Brief |
Could you reproduce the lines below from the one with "Steel Mill &" through the one with "Funny Gen Z"? Keep both ends and add nothing.
------ Exercise materials ------
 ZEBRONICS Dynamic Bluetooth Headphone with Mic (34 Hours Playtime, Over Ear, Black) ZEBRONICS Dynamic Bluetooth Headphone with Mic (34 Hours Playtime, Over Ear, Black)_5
------
------ Exercise materials ------
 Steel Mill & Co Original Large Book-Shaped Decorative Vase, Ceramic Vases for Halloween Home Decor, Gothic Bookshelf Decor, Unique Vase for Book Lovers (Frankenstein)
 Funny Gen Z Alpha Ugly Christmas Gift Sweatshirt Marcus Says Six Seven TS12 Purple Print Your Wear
------
Exercise result |
 Steel Mill & Co Original Large Book-Shaped Decorative Vase, Ceramic Vases for Halloween Home Decor, Gothic Bookshelf Decor, Unique Vase for Book Lovers (Frankenstein)
 Funny Gen Z Alpha Ugly Christmas Gift Sweatshirt Marcus Says Six Seven TS12 Purple Print Your Wear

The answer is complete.